Minister Z. Pallo Jordan, Minister of Arts and Culture message of condolence on the passing away of
Gregoire Boonzaier (b 31 July 1909 - d April 22 2005)
 
25 April 2005

My deepest condolences the family and friends of Gregorie Boonzaier.

Boonzaier was born in 1909 at Newlands, Cape Town. Renowned and quietly influential as a painter of landscapes, portraits, still life, seascapes and figures, he found his artistic expression by interacting with the immediacy of life around him. He enjoyed a long life span of productivity (he started painting at age 14 until his death at the age of 96) and was able to serve as a mentor and teacher to successive generations of South African artists. Crucially, his works overlap with resistance art dating from the 1960s through to the early 1990s.

As an artist, he was renowned for his elegant compositions, arresting visual structures and for outstanding technique and style. His paintings are timeless creations that captured the essence of the times.
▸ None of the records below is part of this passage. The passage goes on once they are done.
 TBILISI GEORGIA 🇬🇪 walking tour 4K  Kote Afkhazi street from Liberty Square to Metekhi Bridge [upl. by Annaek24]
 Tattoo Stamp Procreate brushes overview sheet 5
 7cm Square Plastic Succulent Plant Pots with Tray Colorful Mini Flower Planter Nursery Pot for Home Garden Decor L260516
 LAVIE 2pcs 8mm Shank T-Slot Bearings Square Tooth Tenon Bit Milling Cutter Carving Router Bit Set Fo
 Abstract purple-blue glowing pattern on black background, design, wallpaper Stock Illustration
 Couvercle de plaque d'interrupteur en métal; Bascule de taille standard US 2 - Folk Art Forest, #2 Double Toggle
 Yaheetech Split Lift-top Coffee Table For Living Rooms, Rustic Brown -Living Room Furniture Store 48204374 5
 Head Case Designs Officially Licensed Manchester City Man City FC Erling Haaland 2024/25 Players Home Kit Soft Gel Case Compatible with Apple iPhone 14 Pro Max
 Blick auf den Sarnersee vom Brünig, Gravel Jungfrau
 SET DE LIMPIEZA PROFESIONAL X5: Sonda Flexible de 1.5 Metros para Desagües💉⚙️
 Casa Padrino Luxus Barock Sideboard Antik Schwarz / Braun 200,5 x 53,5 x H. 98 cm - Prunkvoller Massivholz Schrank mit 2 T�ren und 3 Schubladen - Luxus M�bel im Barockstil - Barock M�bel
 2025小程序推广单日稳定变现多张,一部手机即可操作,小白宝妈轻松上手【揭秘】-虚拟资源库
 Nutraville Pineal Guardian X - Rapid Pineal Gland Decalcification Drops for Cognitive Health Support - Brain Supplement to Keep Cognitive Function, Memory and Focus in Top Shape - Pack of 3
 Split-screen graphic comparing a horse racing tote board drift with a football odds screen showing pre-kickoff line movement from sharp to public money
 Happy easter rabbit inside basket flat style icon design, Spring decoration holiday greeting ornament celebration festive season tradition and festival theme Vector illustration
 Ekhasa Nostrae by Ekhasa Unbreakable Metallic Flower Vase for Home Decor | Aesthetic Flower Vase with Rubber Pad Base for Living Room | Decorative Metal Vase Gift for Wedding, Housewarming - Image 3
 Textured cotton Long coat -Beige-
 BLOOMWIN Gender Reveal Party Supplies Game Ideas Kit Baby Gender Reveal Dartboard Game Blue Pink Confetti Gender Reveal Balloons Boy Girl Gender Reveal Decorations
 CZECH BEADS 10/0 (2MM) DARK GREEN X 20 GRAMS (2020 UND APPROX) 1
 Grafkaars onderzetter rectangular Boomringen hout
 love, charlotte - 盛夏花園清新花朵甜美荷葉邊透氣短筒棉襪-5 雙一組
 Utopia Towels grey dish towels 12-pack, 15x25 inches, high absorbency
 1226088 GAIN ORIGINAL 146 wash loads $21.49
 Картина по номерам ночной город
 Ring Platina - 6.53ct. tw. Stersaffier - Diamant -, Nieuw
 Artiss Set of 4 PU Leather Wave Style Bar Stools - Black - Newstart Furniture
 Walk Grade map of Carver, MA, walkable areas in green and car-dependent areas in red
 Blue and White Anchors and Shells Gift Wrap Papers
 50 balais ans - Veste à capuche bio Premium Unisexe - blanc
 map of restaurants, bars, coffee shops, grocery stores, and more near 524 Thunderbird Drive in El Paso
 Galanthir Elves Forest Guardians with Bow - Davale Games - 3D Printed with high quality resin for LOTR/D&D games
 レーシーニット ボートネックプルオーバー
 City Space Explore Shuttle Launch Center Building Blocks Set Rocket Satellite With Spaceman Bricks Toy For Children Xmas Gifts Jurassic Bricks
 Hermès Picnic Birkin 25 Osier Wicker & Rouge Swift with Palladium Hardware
Politically, he was an early member of the South African Communist Party. He made a statement of social concern through his paintings in the 1930's when a conservative wave of thought was sweeping the world.

Boonzaier also worked in oil, watercolour, ink, pencil and charcoal. As a graphic artist he produced linocuts. By the age of 20 Boonzaier had had five successful one-man exhibitions in Cape Town and between the years 1916 - 37 he spent time in Europe and South Africa. During that time he studied at the Heatherley School of Art in London. He later enrolled at the London Central School of Arts and Crafts, where he specialised in graphic art. He also visited France, Spain and the USSR and it is said that combining his overseas experience and the reading Maxim Gorky and Emile Zola influenced him to join the Communist Party on his return to South Africa in 1938.

Boonzaier set up his own studio in Cape Town in 1932 and three years later financed a trip to England. In 1937 he returned to South Africa where he became the founding member of an art movement which called itself the New Group, which he chaired for 8 years. The aims of this organisation were to improve standards of artistic work and to facilitate effective marketing of artwork for its members. For 15 years it organised regular exhibitions nationally and encouraged awareness that art was not solely the domain of the privileged. Among the many artists sponsored by the group was the late Gerard Sekoto.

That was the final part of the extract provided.